# What is a self-dual category?

$\newcommand{\C}{\mathcal{C}}\newcommand{\D}{\mathcal{D}}\newcommand{\op}{\mathrm{op}}$I would like to define the notion of a self-dual category, which should mean a category isomorphic to its opposite in a natural way, and the notion a self-dual functor between such categories. For a category $\C$, I denote by $\C^\op$ its opposite category; for a functor $F \colon \C \to \D$ its opposite functor is $F^\op \colon \C^\op \to \D^\op$; for a natural transformation $\eta \colon F \Rightarrow G$ I denote $\eta^\op \colon G^\op \Rightarrow F^\op$ its opposite natural transformation.

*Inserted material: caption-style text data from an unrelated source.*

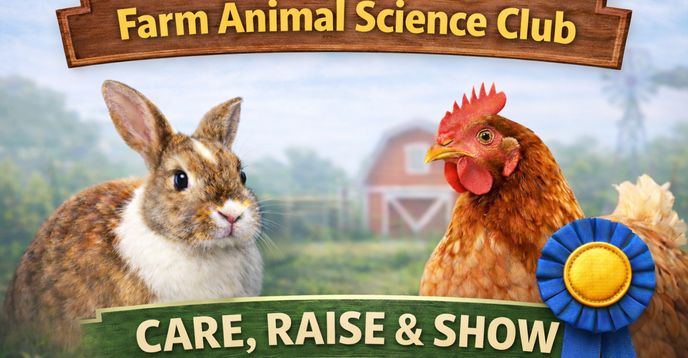 Farm Animals Program Farm Animal Science Club: Raising, Caring & Showing Animals | Small ...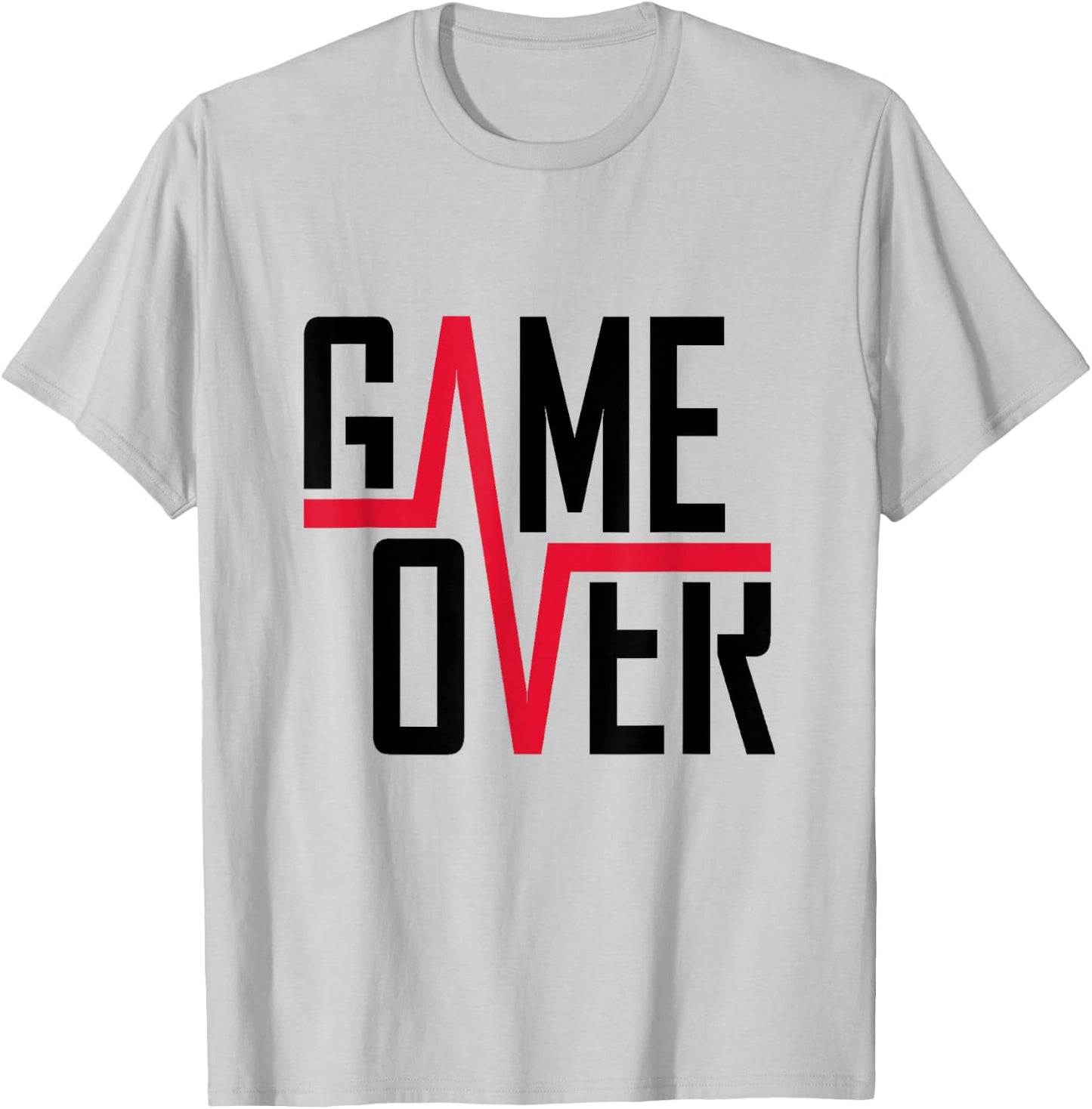 Game Over T-Shirt - T-Shirt | Ash
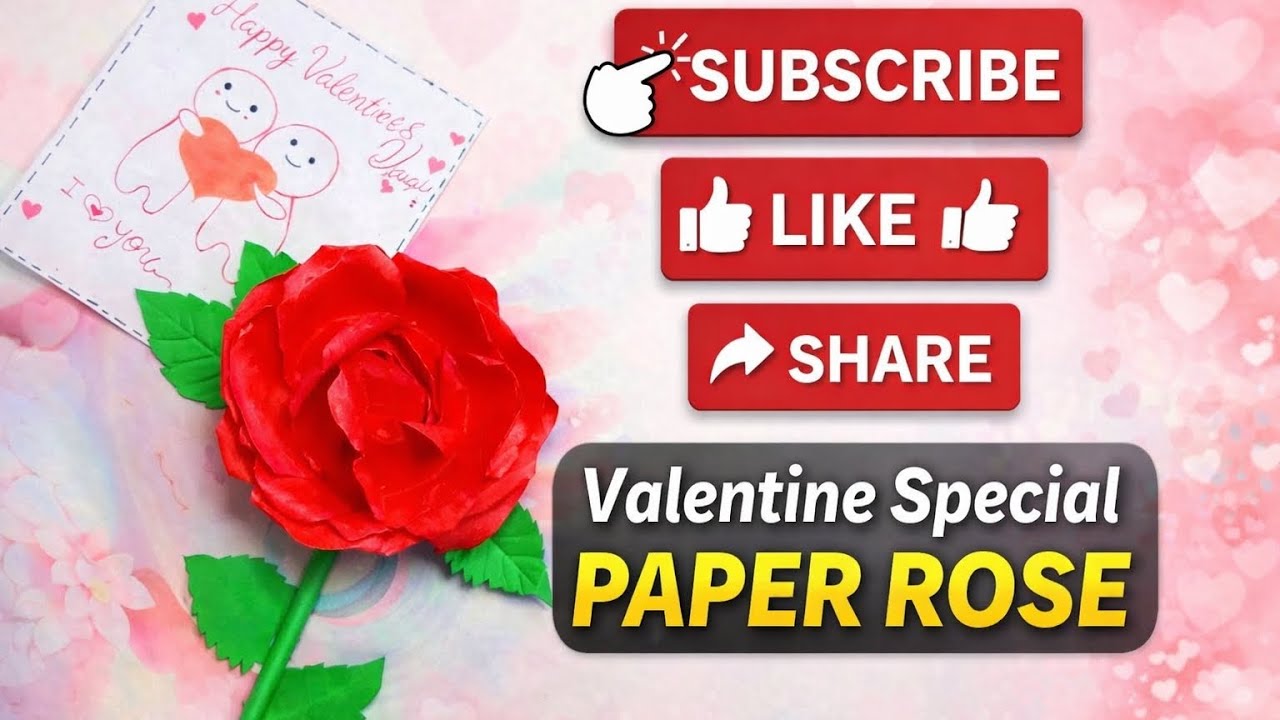 #diy Valentine's Special paper🌹#RomanticGift Idea for Someone Special💓#Handmade🤗#PaperCraft✂️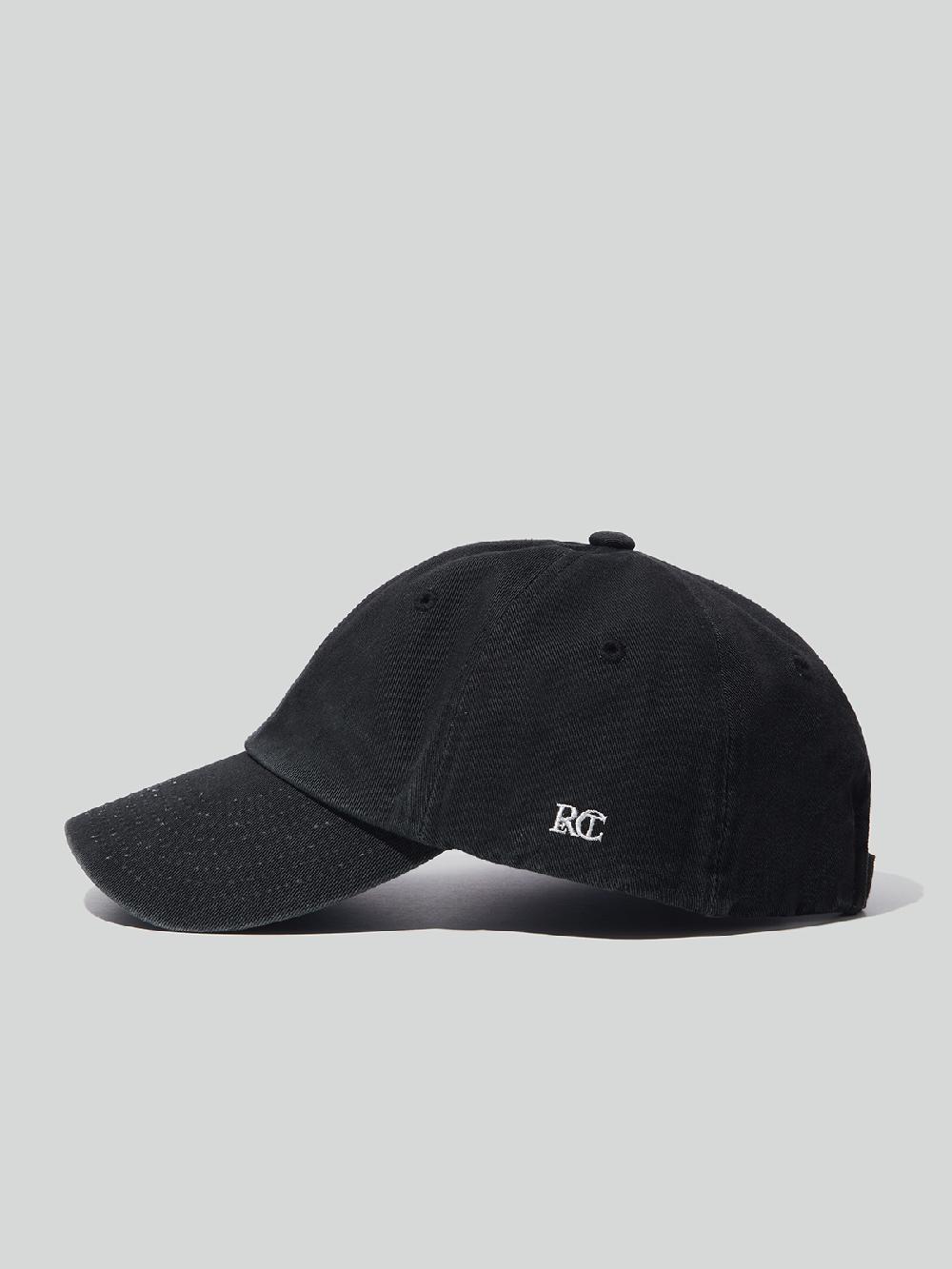 Recto RC LOGO VINTAGE WASHING BALL CAP (BLACK)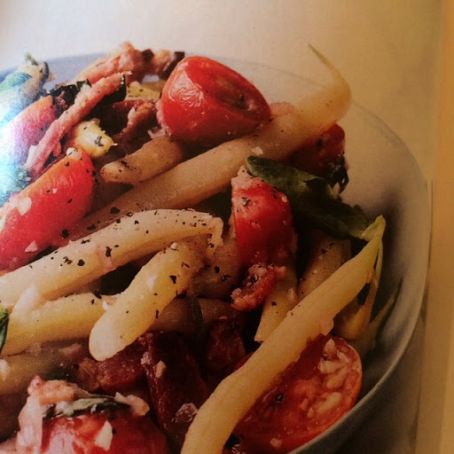 Yellow Wax Beans in Bacon Vinaigrette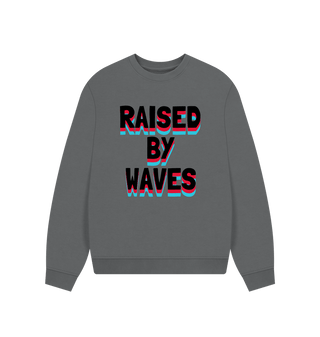 Slate Grey Raised By Waves Organic Cotton Jumper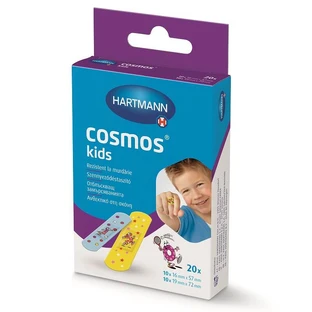 Cosmos Kids water and dirt resistant patches, 20 pieces, Hartmann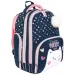 Zaino scolastico premium Kitty a due scomparti, 37x20x31cm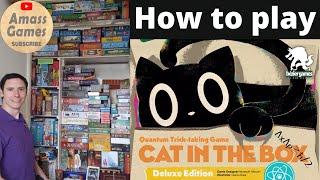 How to play Cat in the Box deluxe edition review AmassGames trick taking board game  #cute #cardgame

Definition. A self-dual category is a category $\C$, a functor $i_\C \colon \C \to \C^\op$, and a natural isomorphism $$\epsilon_\C \colon i_\C^\op \circ i_\C \Rightarrow \mathrm{id}_\C.$$

I think this is the "correct" definition. (Not quite, see below.) An example would be for $\C$ the category of finite dimensional vector spaces over a field $k$, and $i_\C = \mathrm{Hom}(-,k)$. We would now like to talk about functors being self-dual, which should mean that they commute with taking duals.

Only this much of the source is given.